• _The problem_
Below is a listing; transcribe it exactly but without any images.

• _Collected data_
<<<<

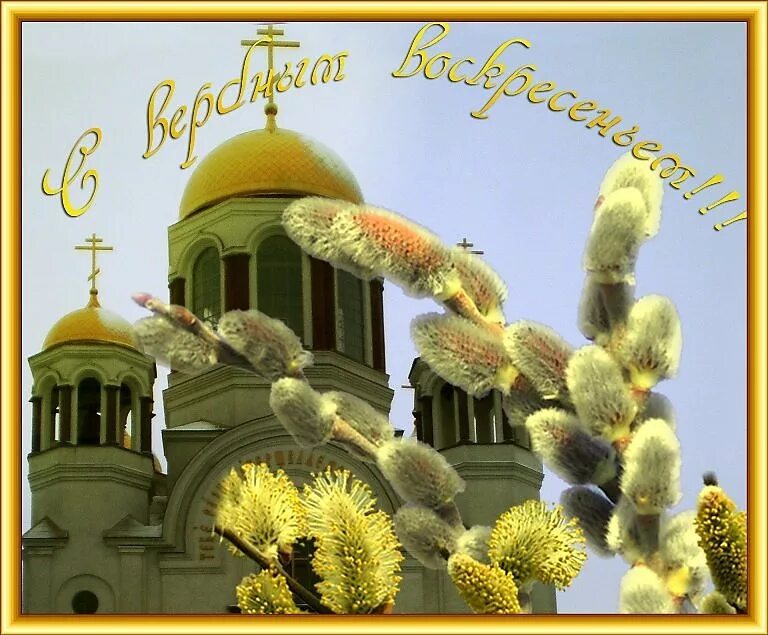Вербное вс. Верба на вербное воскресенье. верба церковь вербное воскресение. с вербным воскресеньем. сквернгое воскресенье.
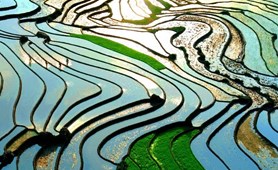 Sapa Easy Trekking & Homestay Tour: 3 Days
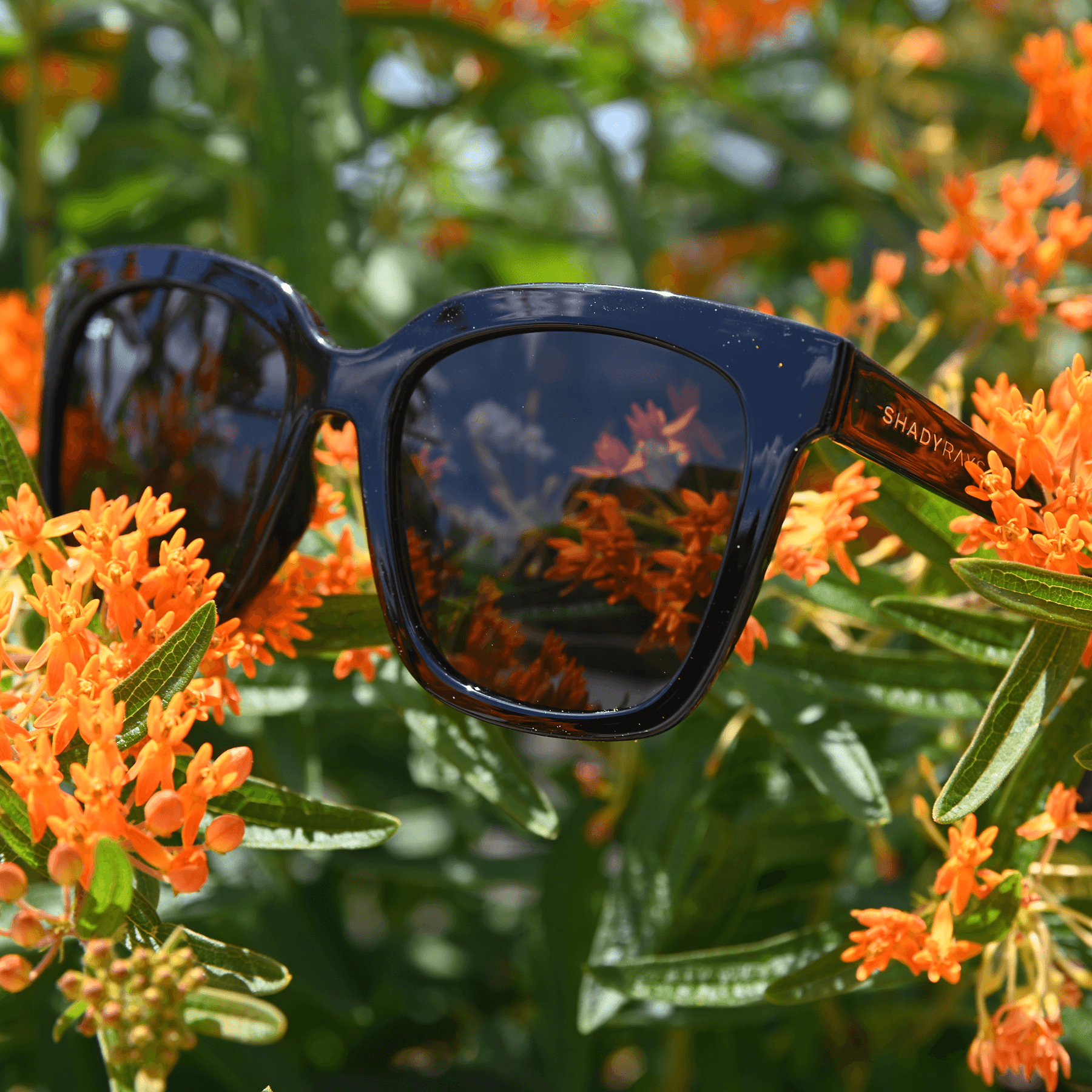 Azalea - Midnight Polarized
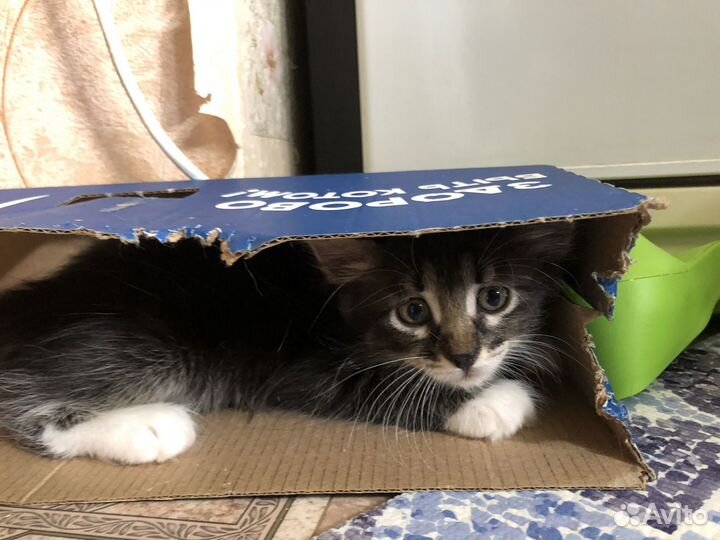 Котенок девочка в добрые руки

>>>>

• _Answer to this exercise_
Вербное вс. Верба на вербное воскресенье. верба церковь вербное воскресение. с вербным воскресеньем. сквернгое воскресенье.
 Sapa Easy Trekking & Homestay Tour: 3 Days
 Azalea - Midnight Polarized
 Котенок девочка в добрые руки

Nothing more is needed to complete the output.